No pictures go in the copy. Restate, word for word, each line from the one containing "Bucked Up ALL" through the last line below.

**Provided data**
....................

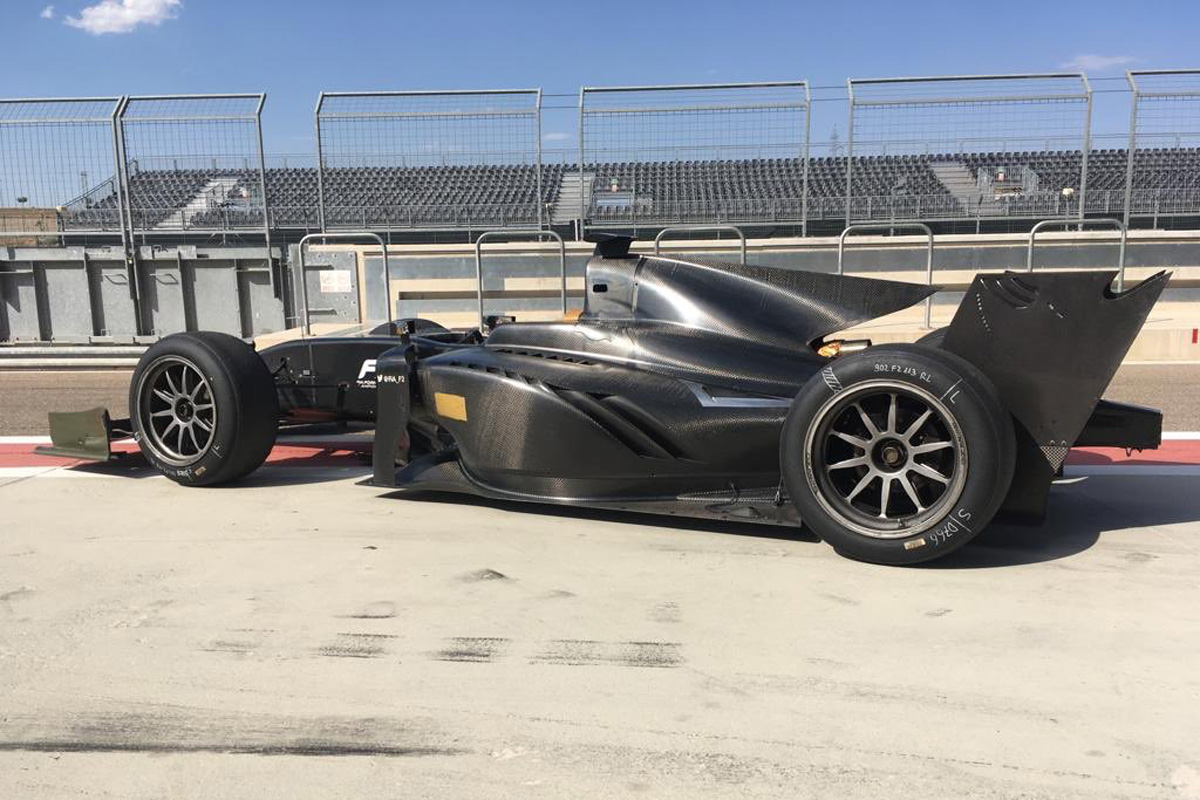 ピレリ、2020年にF2で導入する18インチタイヤのテストを開始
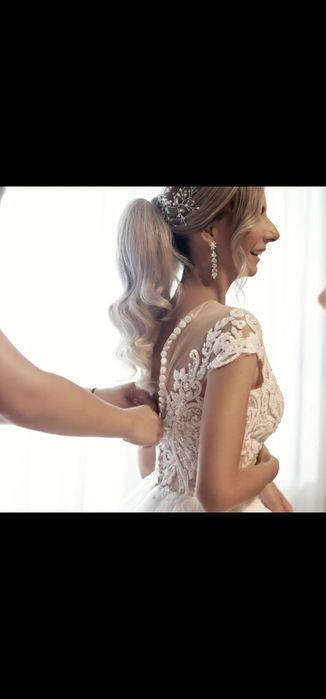 Vând rochie mireasa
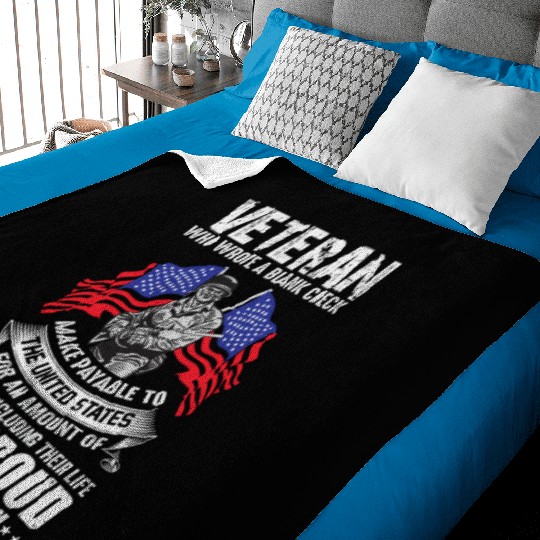 Veterans day celebration. Thank you veterans Baby Blankets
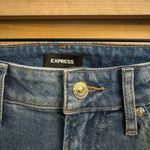 EXPRESS Size 4R Mid Rise 90’s Ankle Bootcut Distressed Raw Edge Hem Jeans Photo 3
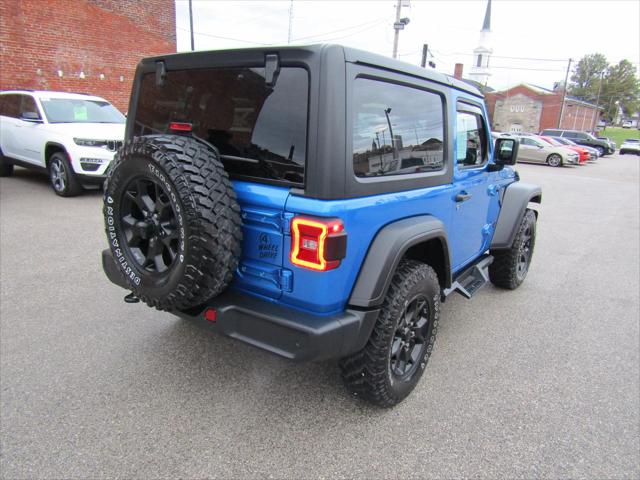 2023 Jeep Wrangler 2-Door Willys 4x4 2023 Jeep Wrangler 2-Door Willys 4x4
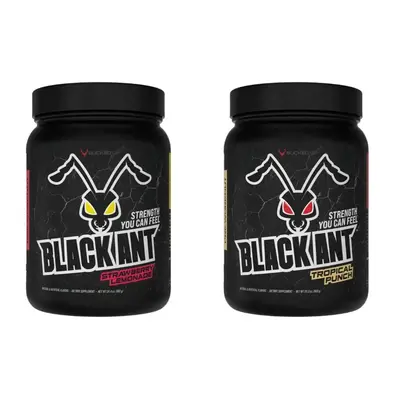 Bucked Up ALL NEW Black Ant Pre-Workout | Advanced Formula with Creatine & Black Ant Extract | 20/40 Servings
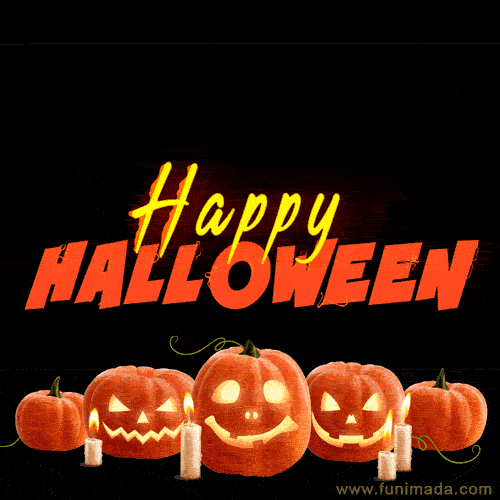 Wishing you a Halloween night full of fun and joy
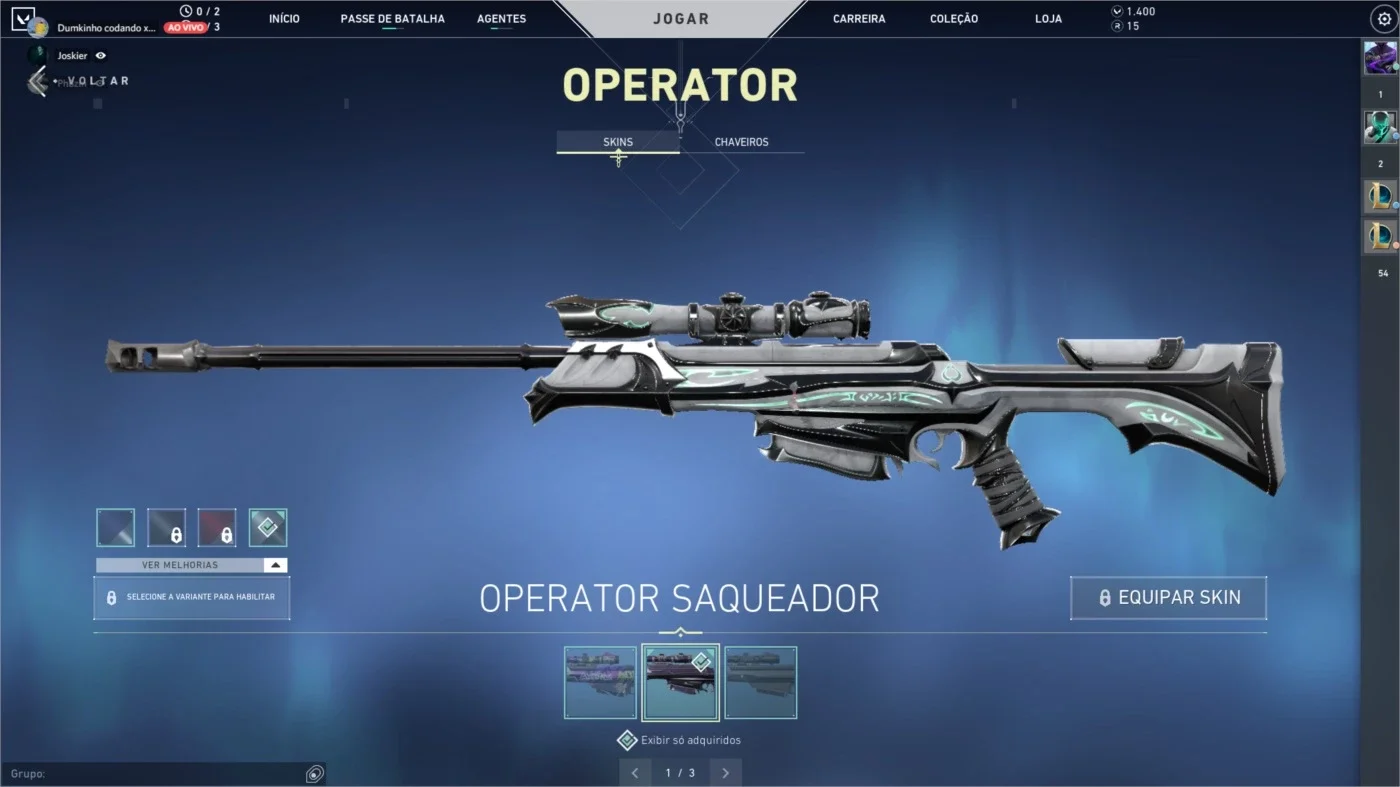 slider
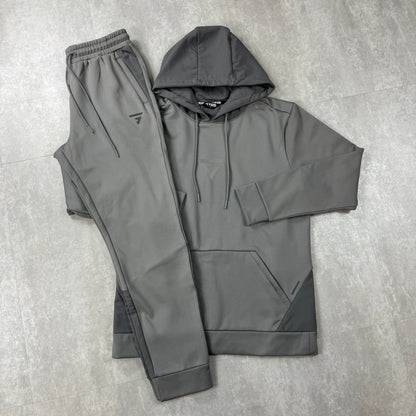 Flux Tracksuit - Two Tone Gunmetal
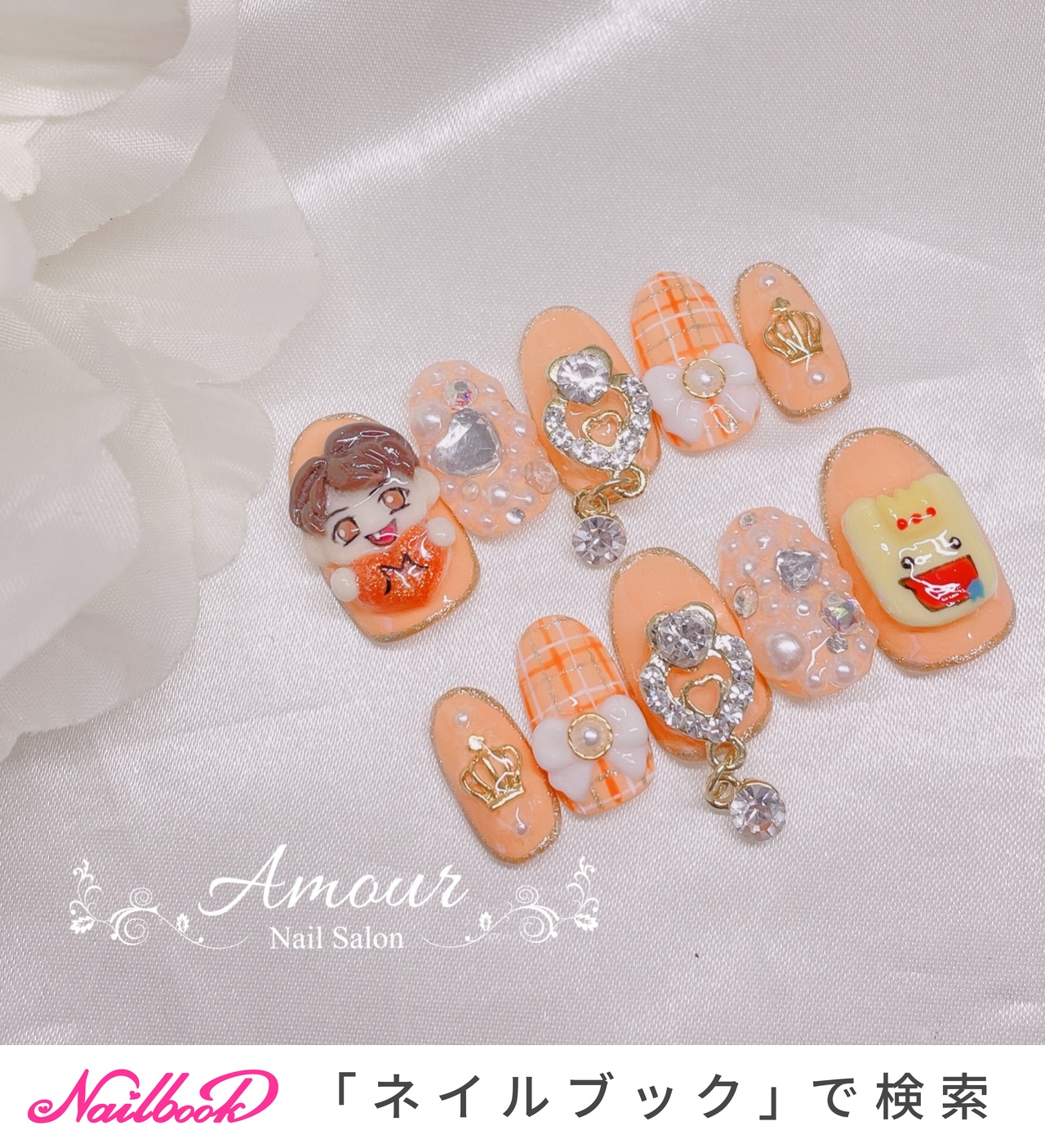 おすすめ順｜ネイルチップ(サンプルチップ)/#めいちゃんのネイル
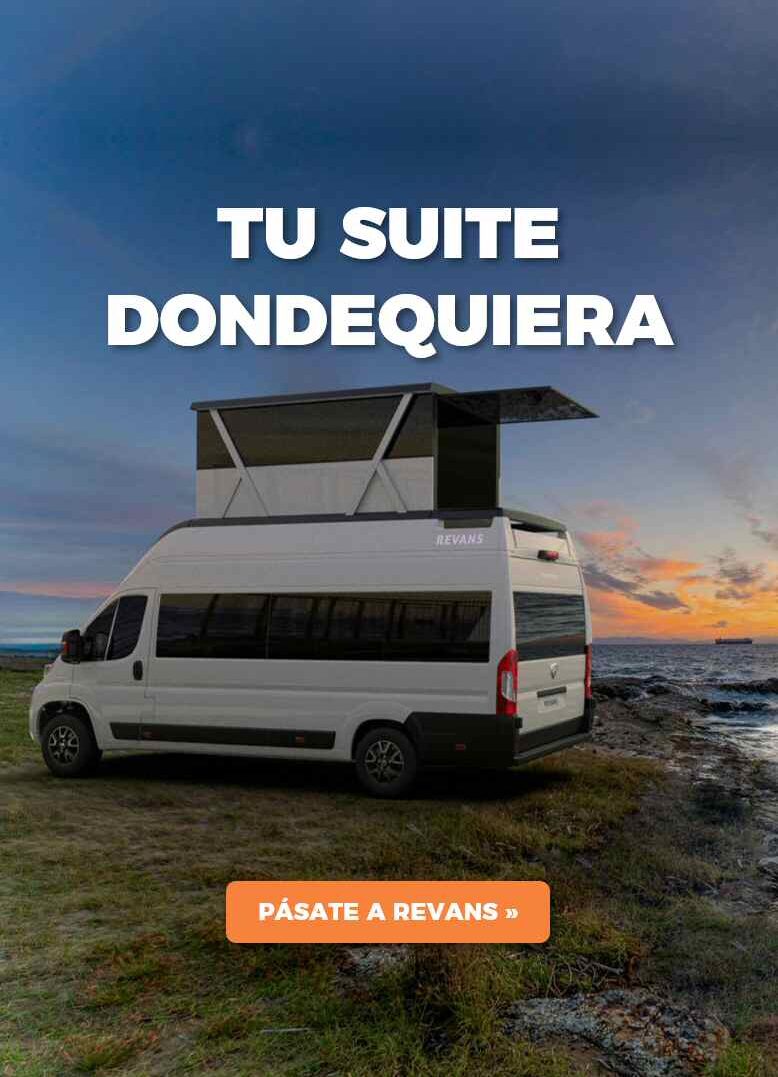 Tu suite en cualquier lugar: Revans.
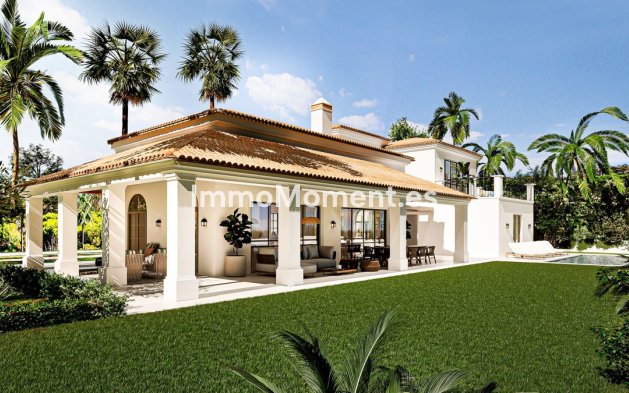 Freistehende Villa - Wiederverkauf - Estepona  - Estepona Centro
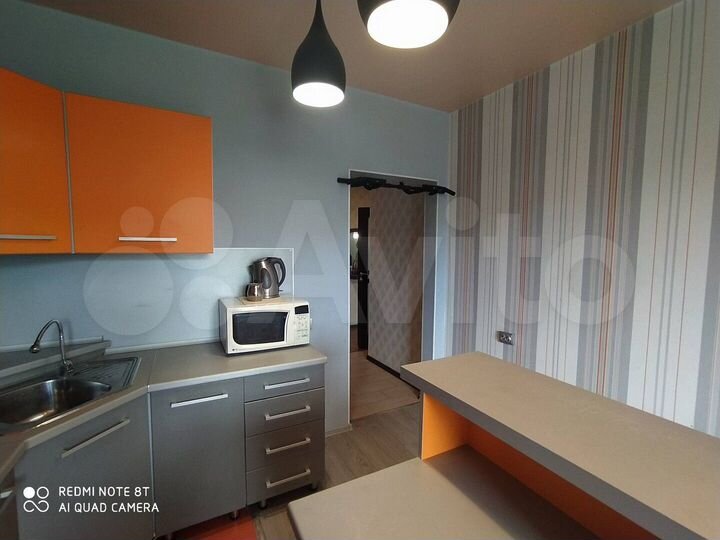 1-к. квартира, 50,5 м², 5/10 эт.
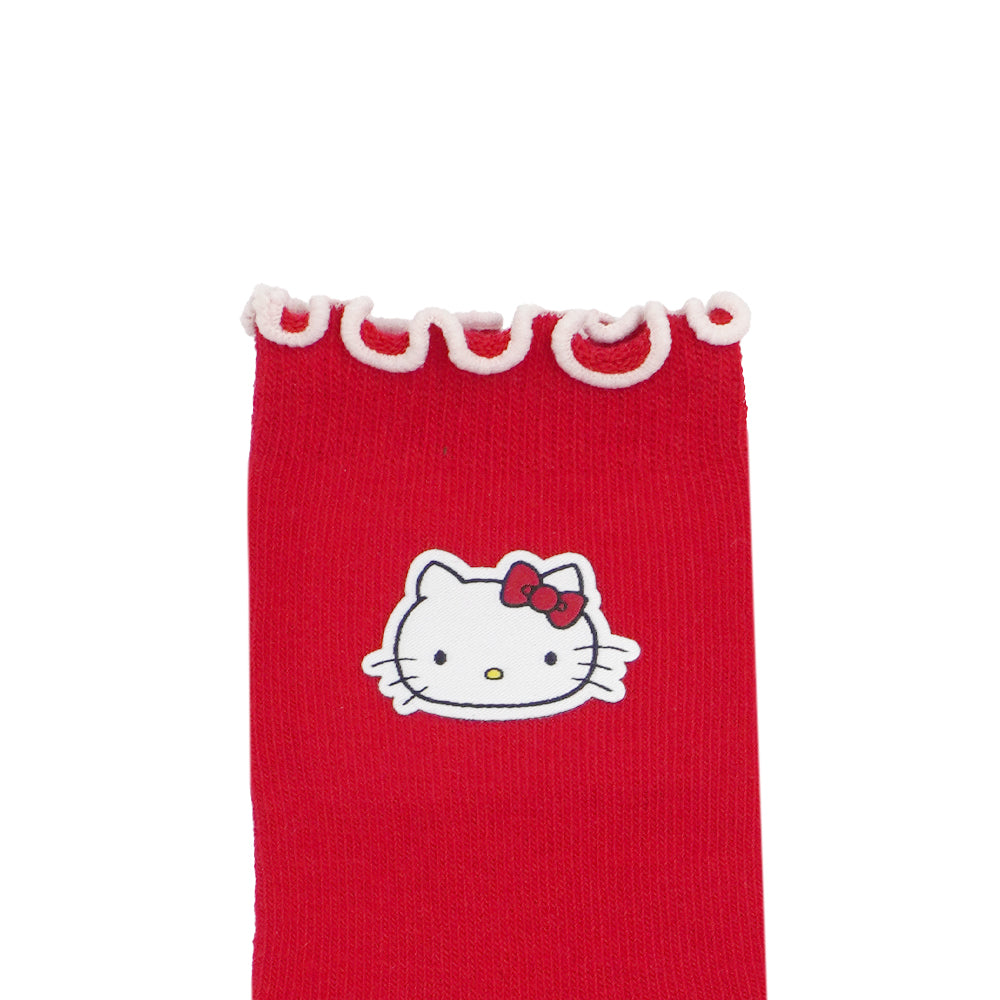 Hello Kitty & My Melody: Socks 2pax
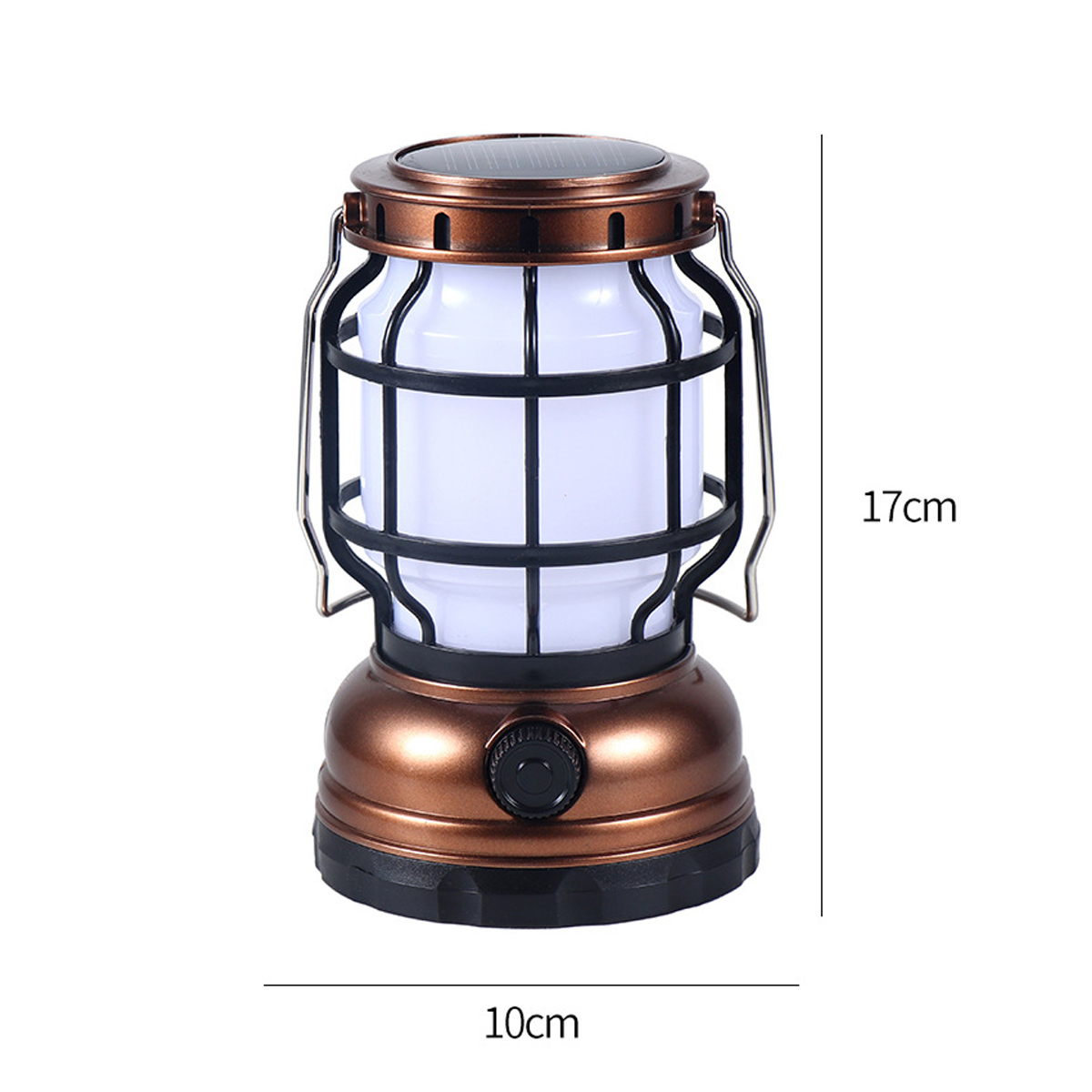 Outdoor-COB-Camping-Lamp-Solar-Retro-Light-1200-mAh-Portable-Emergency-Lighting-Tent-Lantern-For-Hik-1930676-5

....................

**Reply**
 Bucked Up ALL NEW Black Ant Pre-Workout | Advanced Formula with Creatine & Black Ant Extract | 20/40 Servings
 Wishing you a Halloween night full of fun and joy
 slider
 Flux Tracksuit - Two Tone Gunmetal
 おすすめ順｜ネイルチップ(サンプルチップ)/#めいちゃんのネイル
 Tu suite en cualquier lugar: Revans.
 Freistehende Villa - Wiederverkauf - Estepona  - Estepona Centro
 1-к. квартира, 50,5 м², 5/10 эт.
 Hello Kitty & My Melody: Socks 2pax
 Outdoor-COB-Camping-Lamp-Solar-Retro-Light-1200-mAh-Portable-Emergency-Lighting-Tent-Lantern-For-Hik-1930676-5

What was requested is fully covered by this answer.